As far as I understand this is an open initiative that is run by a non-profit.

Being an open initiative doesn't really matter much. It seems likely that open source tools may be locked out of such an ecosystem

[Personally I'm not sure if we should care. I'm more in the camp of display whatever metadata exists, and let users decide how to interpret it]

So if I'm reading the linked pages correctly, this system is based on cameras, photo editing tools, and other tools involved in editing the image to cryptographically sign the file in some way. How would we decide which signatures are valid and which are not?

https://opensource.contentauthenticity.org/docs/prod-cert seems to imply that any S/MIME cert is trusted using normal S/MIME PKI. Trusting everyone feels like a big gaping hole if your goal is to detect AI.

Perhaps though the goal is more to know who to blame for AI than to detect it?

I have my doubts about the effectiveness of this whole scheme. Maybe the main benefit is the non-malicious use case to detect files that are accurately labelled as containing AI.

Oh, maybe i misunderstood. https://opensource.contentauthenticity.org/docs/verify-known-cert-list/ says there is a hard coded list.

It feels like trust management in this thing is very hap-hazard.

There is a workshop on this topic at W3C on 12 March 2025: https://www.w3.org/events/workshops/2025/authentic-web-workshop/

(Putting my staff hat on for a second) Thanks @Shizhao, I've passed along this information and someone from the Foundation will be attending.

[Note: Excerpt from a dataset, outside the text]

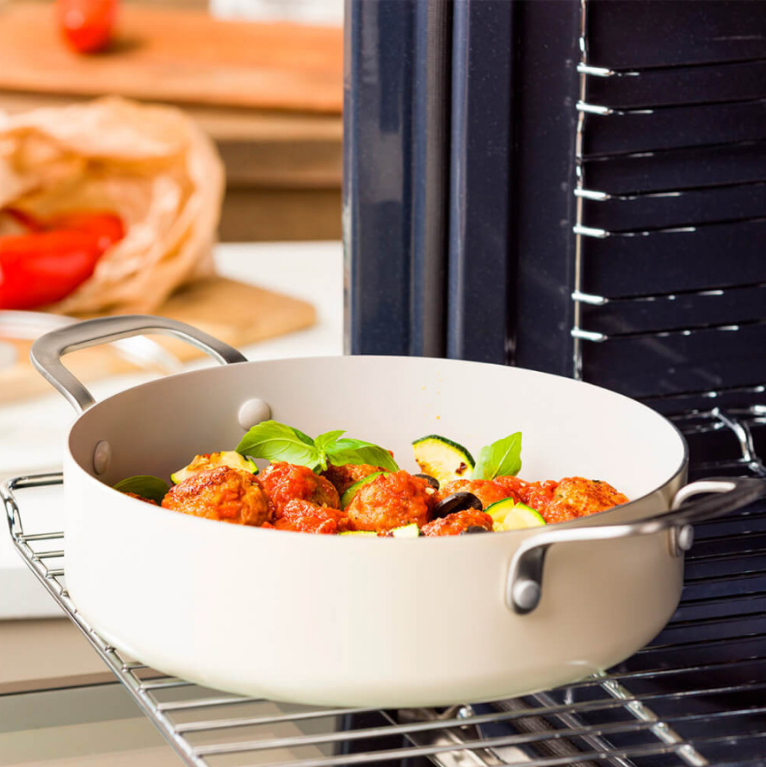 Сотейник с крышкой антипригарный KitchenAid Aluminium Ceramic, диаметр 28 см, кремовый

Hi all, I attended the Authentic Web Mini Workshop, part 1 mentioned above. The W3C is still in the very early stages of accepting proposals for tools that enable verifiability on the web. They are gathering proposals for such technologies with the goal of determining if any of them should become a web standard. The technologies currently identified are:

Proposals will be evaluated by the W3C based on a technical framework using two axes:
What role the tool plays in the web ecosystem:

  1. Content Consumer - Person receiving the information (audience, reader)
  2. Content Provider/Source - Person(s) or organizations delivering content
  3. Content Promoter - Person(s) or organization that amplify the spread of information
  4. Credibility Facilitator - Person(s) or organization who is helping the consumer decide what to trust.
  5. Platform - Technological system, and by extension the person or organization who maintains and controls it.

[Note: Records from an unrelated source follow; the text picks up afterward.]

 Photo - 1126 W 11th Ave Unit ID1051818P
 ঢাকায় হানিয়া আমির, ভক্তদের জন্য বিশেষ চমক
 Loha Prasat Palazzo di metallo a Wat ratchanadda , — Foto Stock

How the tool enables credibility based on the following factors:

It's worth noting that the W3C Credible Web Community Group and framework above is focused on credibility, which is broad term that encompasses elements of trust and reputation. The proposal outlined above specifically aims to enabled transparency, which is not a judgement on believability, but a display of provenance/origin. This seems like a useful framework when considering this proposal and it's impact/goals.

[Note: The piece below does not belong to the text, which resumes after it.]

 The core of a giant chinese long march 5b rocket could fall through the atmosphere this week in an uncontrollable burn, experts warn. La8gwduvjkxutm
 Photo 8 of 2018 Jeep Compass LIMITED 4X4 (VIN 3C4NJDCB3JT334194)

As a Commons user: it would be extremely helpful for MediaWiki to recognize and call out the presence of C2PA claims, even if the content of these claims is not fully decoded or verified. A number of AI image generation services, such as ChatGPT, use C2PA data to mark the images they generate. Even just displaying the software agent name from these claims would be of great value in identifying AI-generated images.